LinuxQuestions.org
Review your favorite Linux distribution.
Go Back   LinuxQuestions.org > Forums > Linux Forums > Linux - Software
User Name
Password
Linux - Software This forum is for Software issues.
Having a problem installing a new program? Want to know which application is best for the job? Post your question in this forum.

Notices


Reply
  Search this Thread
Old 08-20-2010, 05:45 AM   #1
lylemwood
Member
 
Registered: Jan 2008
Location: Toronto, Canada
Distribution: Slackware, CentOS
Posts: 47

Rep: Reputation: 18
rsync hangs and locks server


Hello all,

I've had an interesting experience that is completely unprecedented in my history of using rsync. As I write this I'm listening to my server squeal like a stuck pig as the Adaptec RAID controller rebuilds my RAID-5 array (and doesn't lose any data, I HOPE!!!!)

rsync is an integral part of my Disaster Recovery plan at the office. I have a NFS server that hosts all the business critical VMs that my company runs and a couple of VMware hosts that link thereto and attempt to make the best of things. I know NFS isn't the most optimal solution, but that's a conversation for another thread.

My rsync woes began tonight and took an unexpected turn for the worst as I was attempting to implement the most white-knuckled portion of this scenario.

The Process:
1. A script runs that shuts down all VMs that access the NFS array
2. Post-shutdown, the server then rsyncs to a local HDD for fast-backup and to minimize downtime
3. During daily operation, another script will rsync the backed-up VMs to an offsite server that keeps them in case we have a disaster scenario

My plans never made it to step 3 since rsync started crashing during the local portion (step 2).

My Hardware:
1. Adapted 5405 4-port hardware RAID controller
2. 3 x Western Digital Black SATA 2.0 HDDs (1TB each) in RAID-5 config
3. 1 x Western Digital Black SATA 2.0 HDD (2TB) in solo-mode on the same controller

The Software:
- Slackware Linux 13.0 64-bit
- rsync 3.0.6

The files:
All are VM files and, as a result, the virtual disks get quite large. They're up to 80GB/disk on one machine, but most are below 50GB.

rsync initially was not running with a bwlimit set, so it was humming along at over 50MB/sec, then it hung.

After a harrowing reboot process and the OS repairing the stand-alone drive, I bwlimited to 20000kB, which hung after copying twice as much data.

Spotting a trend, I bwlimited to 1000kB, but it hung at the same point as the 20000kB limit. The hang was pretty bad, I had to use the external-poweroff of the solo HDD (not the RAID array) to get the OS to start responding again. Naturally, the Adaptec controller squealed and, when the OS started responding again I issued a reboot and powered the HDD back on. Squealing stops and life goes on.

I read online and some people noticed that, when shunting through localhost with ssh they were eeking by. I thought I'd test it out. BIG MISTAKE.

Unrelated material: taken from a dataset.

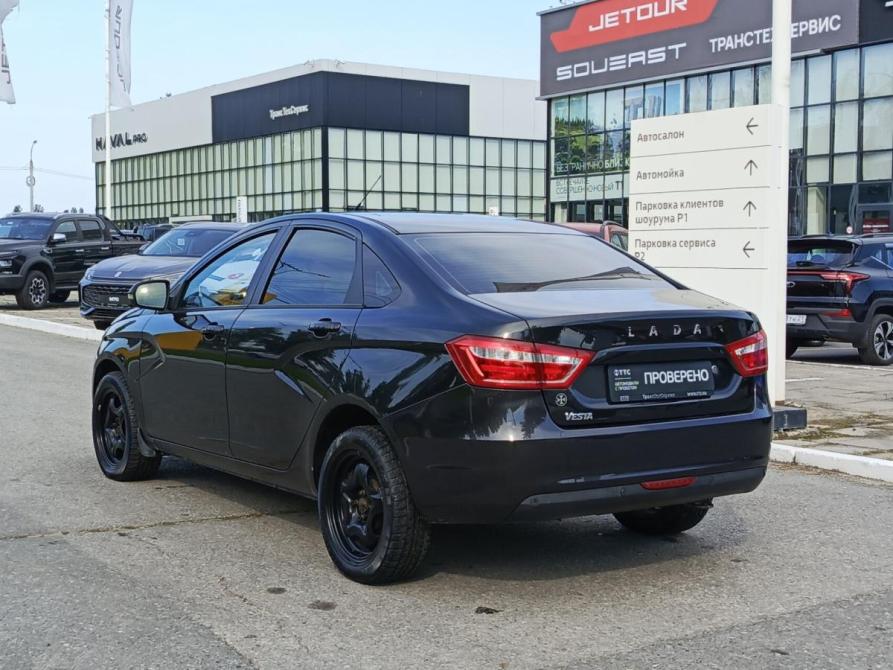 Lada (ВАЗ) Vesta I Чебоксары  - изображение 8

This time, the hang was TOTAL. I had to use the external power-off of the solo-hdd again. This time, however, the kernel cacked, too, and started spewing numeric data all over the screen. Line after line. As production time was coming again and, thus, the server would need to be in use, I hard-rebooted the box (after all, I hadn't changed ANYTHING on the RAID array, so it should be fine, right? WRONG!) After the reboot, during POST, the squealing stopped for a time and everything seemed normal, then, after booting the controller kernel it started squealing again, saying my RAID-5 array was degraded. UGH!

It's doing the reconstruction now, but I'm hoping to postpone booting any of the VMs until it's finished doing its post-boot-up repair.

My conjecture:
I think my Adaptec card's buffer is getting maxed and it's not handling the writes properly, causing it to block-out and hang the process. The hardware failure I experienced is something that is particularly unnerving. Does anyone out there know if this scenario would work better if I grabbed another SATA controller and hooked up my HDD to that instead? Would I just be wasting money?

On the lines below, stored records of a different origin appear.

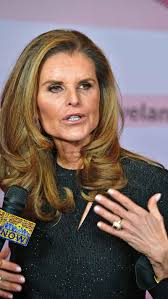 Maria Shriver News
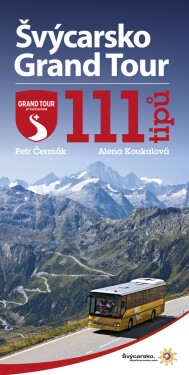 Švýcarsko Grand Tour - Alena Koukalová, Petr Čermák (* 1975)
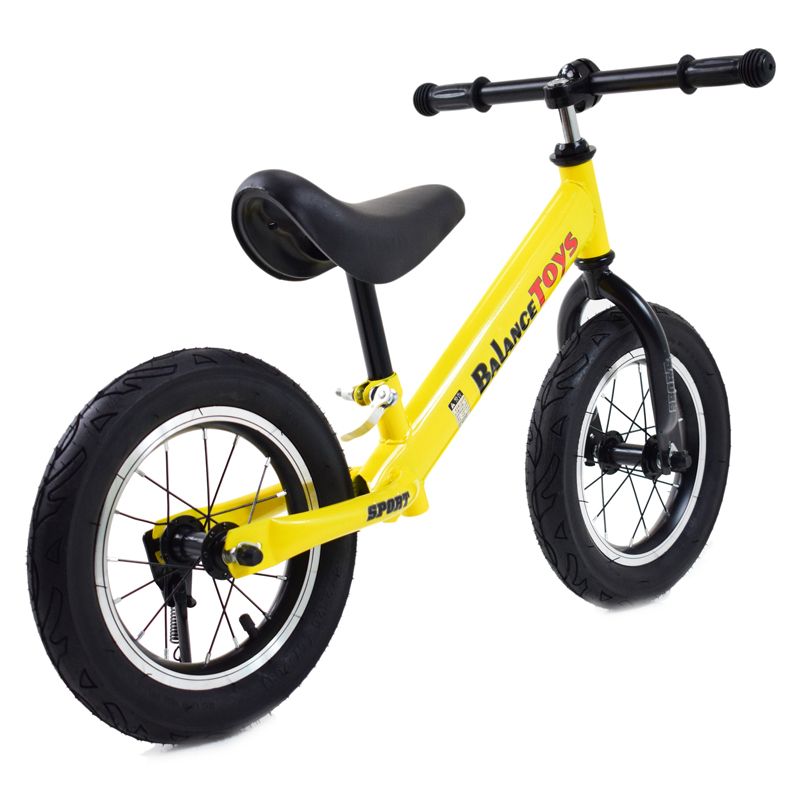 ROWEREK BIEGOWY 12" BALANCE TOYS Z PODPÓRKĄ - NOWOŚĆ/KD-10 - obrazek 26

Last edited by lylemwood; 08-20-2010 at 08:17 AM. Reason: Updated Adaptec RAID Controller Version
 
Old 08-22-2010, 08:29 AM   #2
carltm
Member
 
Registered: Jan 2007
Location: Canton, MI
Distribution: CentOS, SuSE, Red Hat, Debian, etc.
Posts: 703

Rep: Reputation: 99
Quote:
Originally Posted by lylemwood View Post
This time, however, the kernel cacked, too, and started spewing numeric data all over the screen. Line after line.
This caught my eye. It sounds like some type of hardware
failure somewhere. It could be that something is overheating
or it could be as simple as bad ram.

Until you verify that all the hardware is good, I wouldn't
recommend trying to rebuild the raid array. And the first
thing I would do is run memtest to verify the ram.
 
Old 08-23-2010, 10:39 AM   #3
lylemwood
Member
 
Registered: Jan 2008
Location: Toronto, Canada
Distribution: Slackware, CentOS
Posts: 47

Original Poster
Rep: Reputation: 18
Working on this tomorrow night

Hi carltm,

Thanks for your suggestion. I've never used memtest before, but I've just downloaded the latest version of memtest+ (4.10) from www.memtest.org.

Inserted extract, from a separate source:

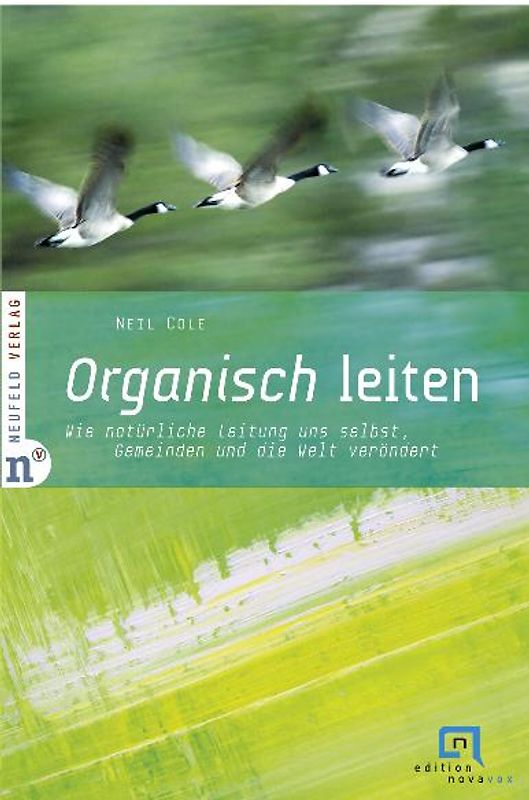 Organisch leiten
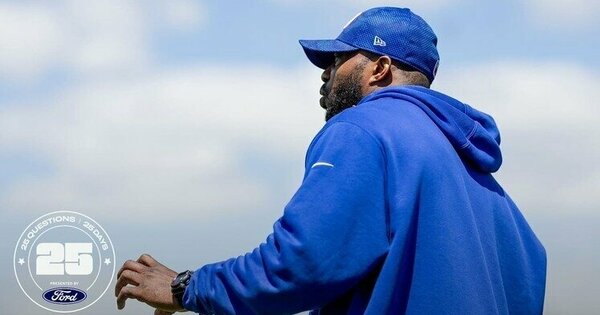 25 Questions in 25 Days: Additions to Brian Daboll's staff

I'll check this out tomorrow night.

I'll definitely attempt to validate the RAM before I start the work adding the new SATA controller.

I still have the old RAM (pre-upgrade) and will swap back and retest if memtest pops on this upgrade RAM.

I know this is probably typical, but this RAM hasn't caused any issues whatsoever on massive file copies before and this was the first time I tried to rsync disk-to-disk on the same controller.

What I'm saying is that there has never been a problem, even rsyncing this same data off-sever to another box via SSH, until I did this intra-controller sync. This is why I think it's the controller cacking, not the RAM.

Nonetheless, I'll run the tests and see what happens.

Oh, and I'll update to advise on Wednesday or Thursday.
 
Old 08-25-2010, 02:24 AM   #4
lylemwood
Member
 
Registered: Jan 2008
Location: Toronto, Canada
Distribution: Slackware, CentOS
Posts: 47

Original Poster
Rep: Reputation: 18
Question memtest+ v4.10 passed all tests

Well, memtest+ passed all tests on the RAM. Took forever to run as there's quite a lot of RAM on the box, but a full pass is a full pass.

I'm moving the in-box backup HDD to a different controller to see if that repairs the issue. Will update after I'm finished the night's work on that.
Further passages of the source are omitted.